Iron coordination in photosystem II: interaction between bicarbonate and the QB pocket studied by Fourier transform infrared spectroscopy

The non heme iron environment of photosystem II is studied by light-induced infrared spectroscopy. A conclusion of previous work Hienerwadel, R., and Berthomieu, C. (1995) Biochemistry 34, 16288-16297] is that bicarbonate is a bidendate ligand of the reduced iron and a monodentate ligand in the Fe(3+) state. In this work, the effects of bicarbonate replacement with lactate, glycolate, and glyoxylate, and of o-phenanthroline binding are investigated to determine the specific interactions of bicarbonate with the protein. Fe(2+)/Fe(3+) FTIR spectra recorded with (12)C- and (13)C(1)-labeled lactate indicate that lactate displaces bicarbonate by direct binding to the iron through one carboxylate oxygen and the hydroxyl group in both the Fe(2+) and Fe(3+) states. This different binding mode with respect to bicarbonate could explain the lower midpoint of the iron couple observed in the presence of this anion Deligiannakis, Y., Petrouleas, V., and Diner, B. A. (1994) Biochim. Biophys.
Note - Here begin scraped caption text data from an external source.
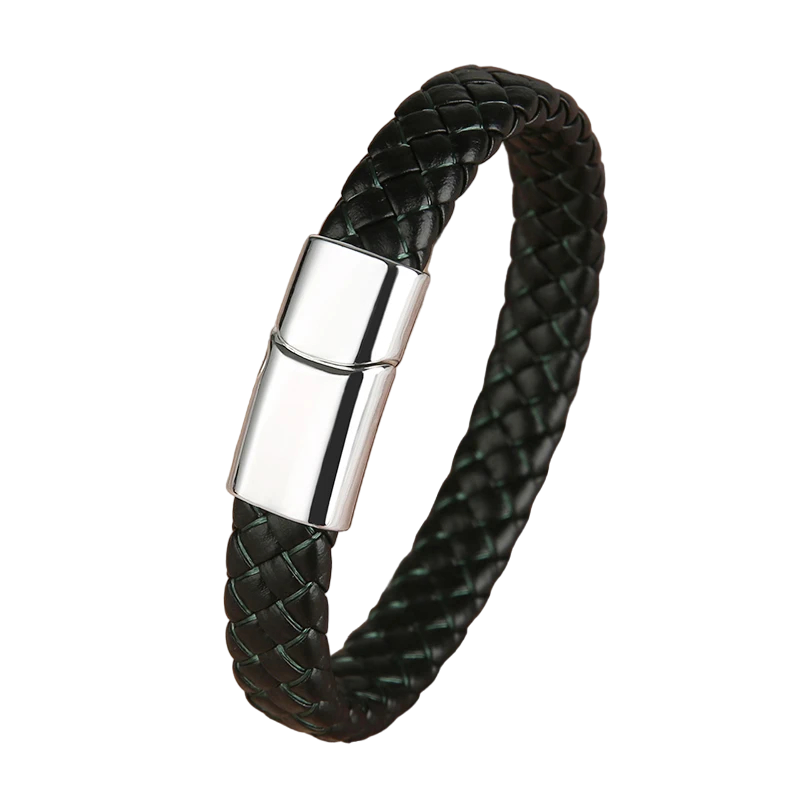 Genuine Leather Bracelet With Magnetic Clasp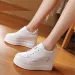 Leisure Genuine Leather White Women Breathable Sneakers Heightened Platform Casual Vulcanize S Shoes_vogvips.com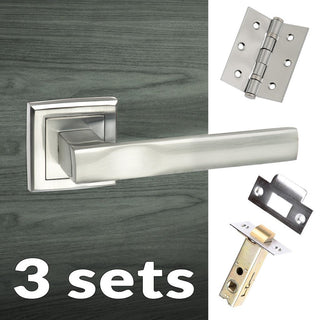 Image: Three Pack Kansas Status Lever on Square Rose - Satin Chrome Handle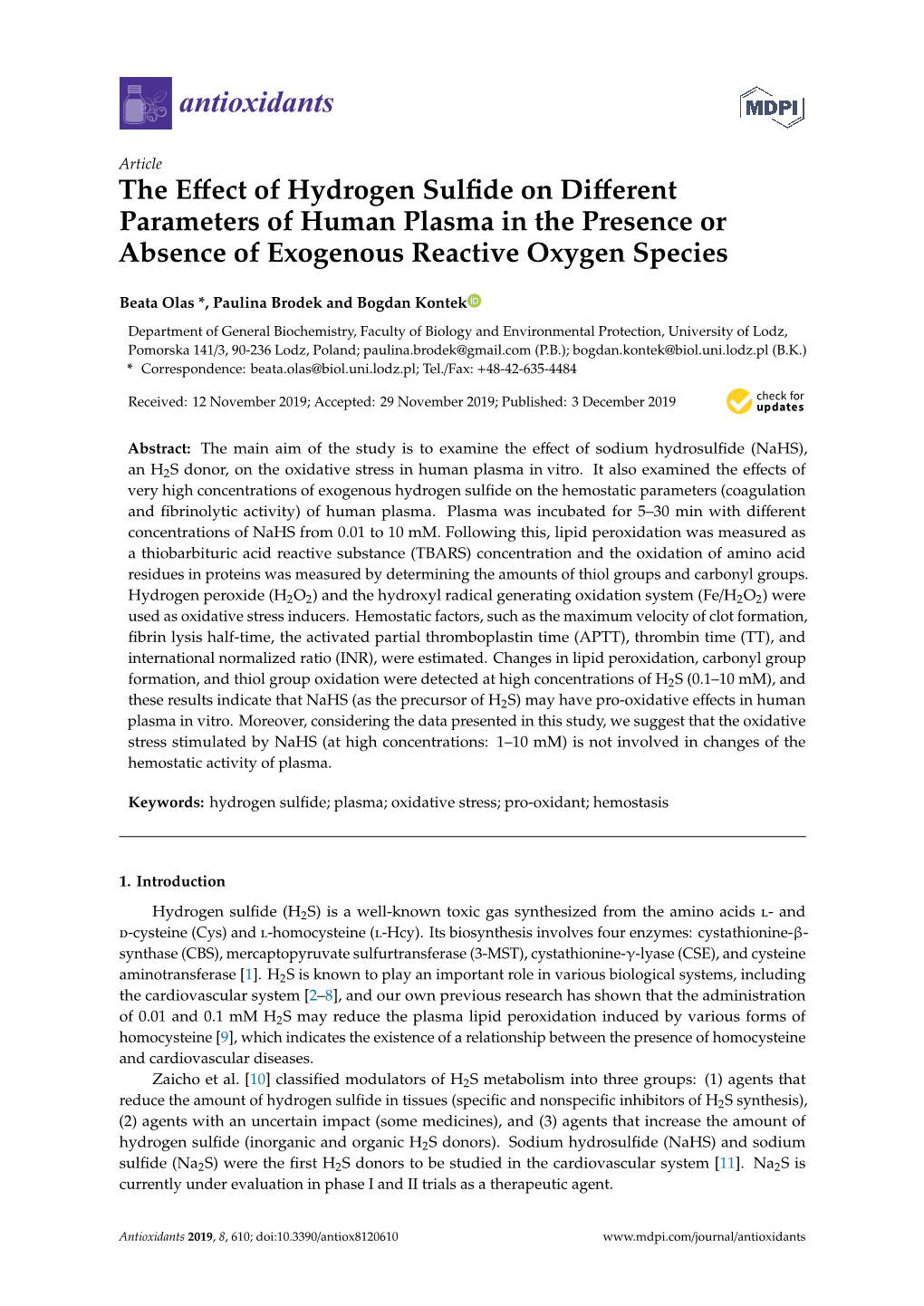 The Effect of Hydrogen Sulfide on Different Parameters of Human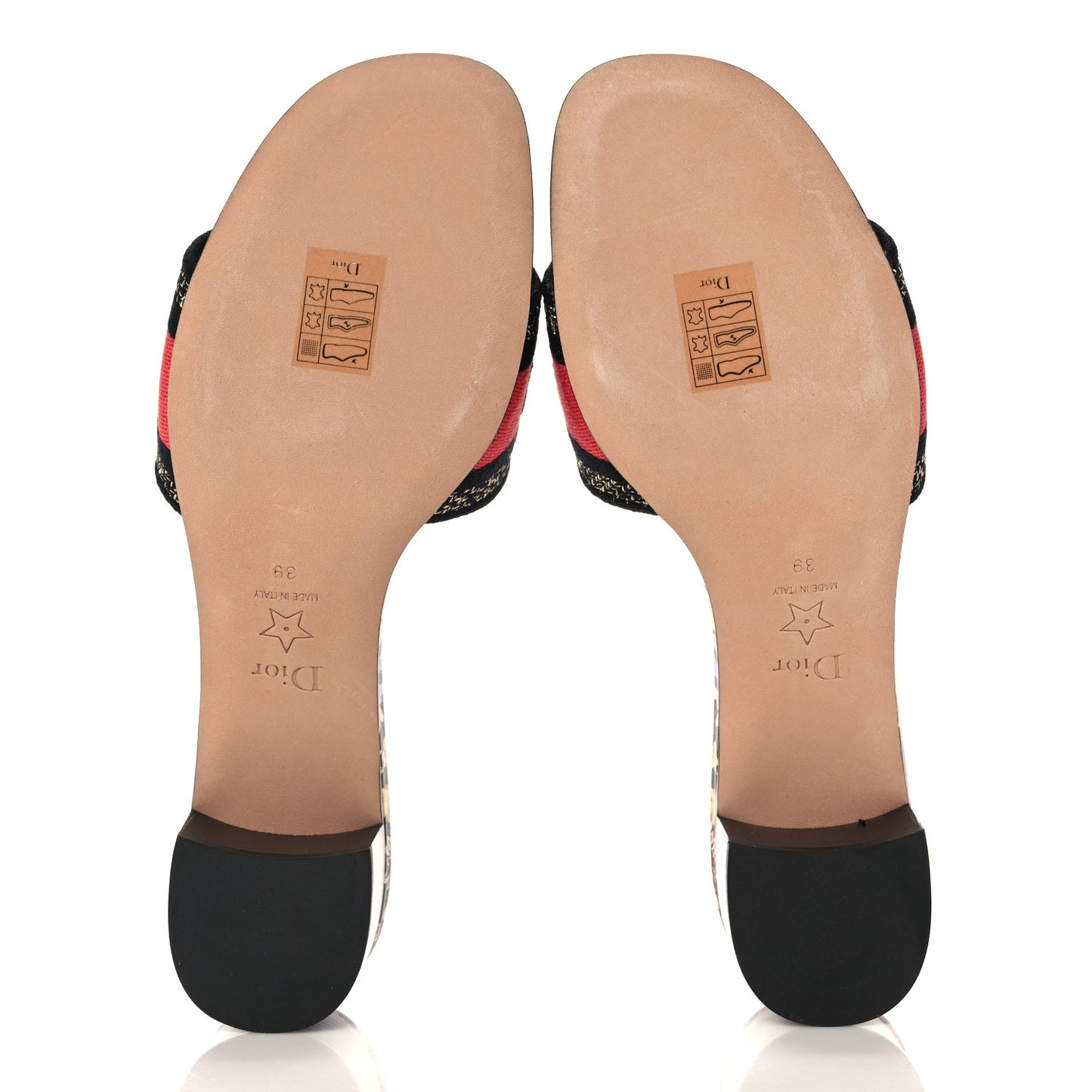 Canvas Toile de Jouy Pop Embroidered Dway 40mm Slide Sandals 39 Black Multicolor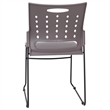 Pemberly Row 881 lb. Capacity Sled Base Stack Chair with Carry Handle in Gray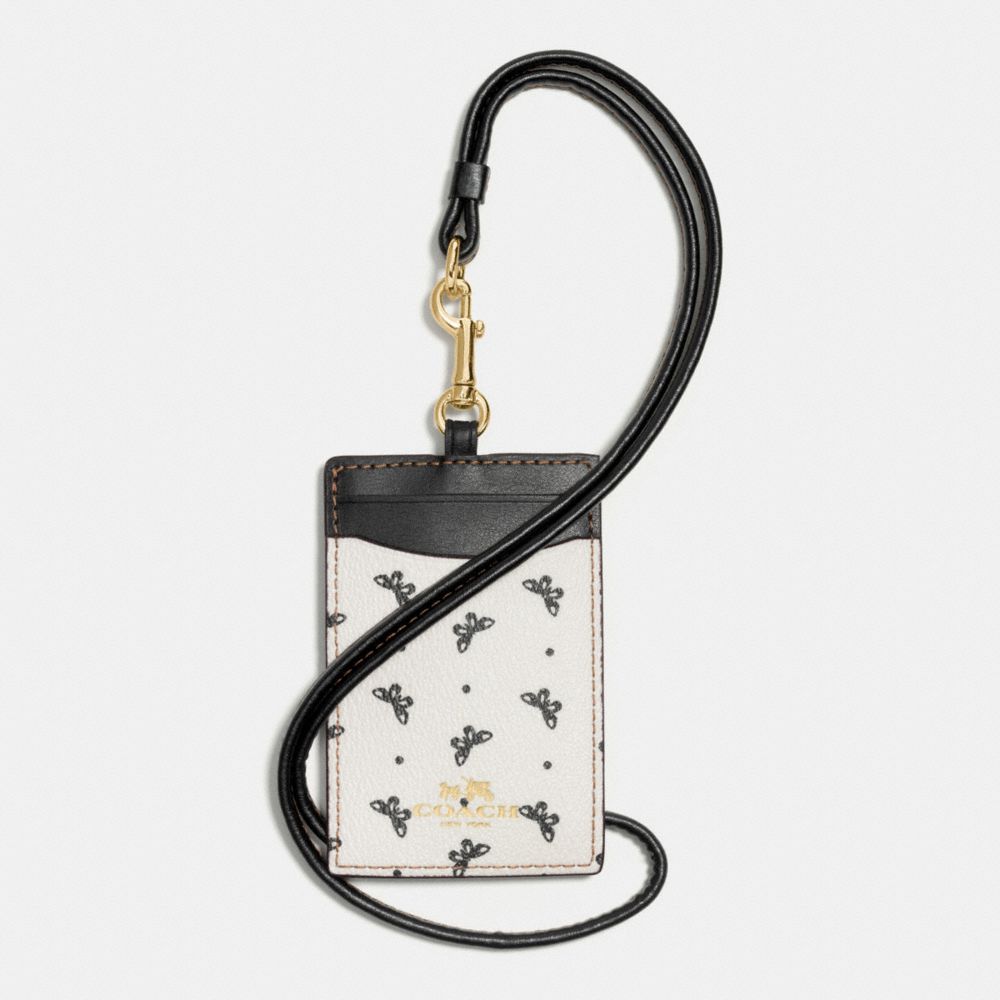 ID LANYARD IN BUTTERFLY DOT PRINT COATED CANVAS - COACH f59788 - IMITATION GOLD/CHALK/BLACK
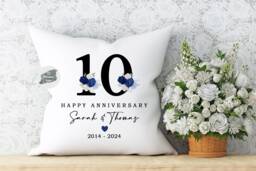 Personalised Floral Anniversary Cushion, Keepsake Gift - thumbnail 1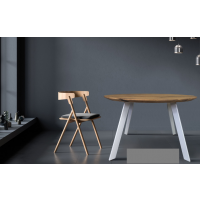 ORTUS - ROMANO Jesion Stół okrągły 130-210x78 | Krawędź ścięta | Grubość blatu 4 cm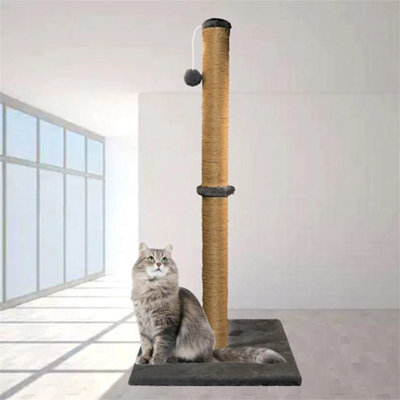 Cat Scratching Post Natural Sisal 74Cm Tall Scratch Tower Dark Grey - image 1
Acta 1188, 260-270]. In agreement with the -60 mV/pH unit dependence of the iron midpoint potential in the presence of bicarbonate, the proton release upon iron oxidation by photosystem II is directly measured to 0.95 +/- 0.05 by the comparison of infrared signals of phosphate buffer and ferrocyanide modes. This accurate method may be applied to the study of other redox reactions in proteins. The pH dependence of the iron couple is proposed to reflect the deprotonation of D1His215, a putative iron ligand located at the Q(B) pocket, since the signal at 1094 cm(-1) assigned to the nu(C-N) mode of a histidinate ligand in the Fe(3+) state is not observed in the presence of o-phenanthroline. Specific regulation of the pK(a) of D1His215 by bicarbonate is inferred from the absence of the band at 1094 cm(-1) in Fe(2+)/Fe(3+) spectra recorded with glycolate, glyoxylate, or lactate. A broad positive continuum, maximum at approximately 2550 cm(-1), observed in the presence of bicarbonate, but absent with o-phenanthroline or lactate, glycolate, and glyoxylate, indicates a hydrogen bond network from the non heme iron toward the Q(B) pocket involving bicarbonate and His D1-215. Proton release of about 1, measured upon iron oxidation at pH 6 with the latter anions, points to a proton release mechanism different from that involved in the presence of bicarbonate.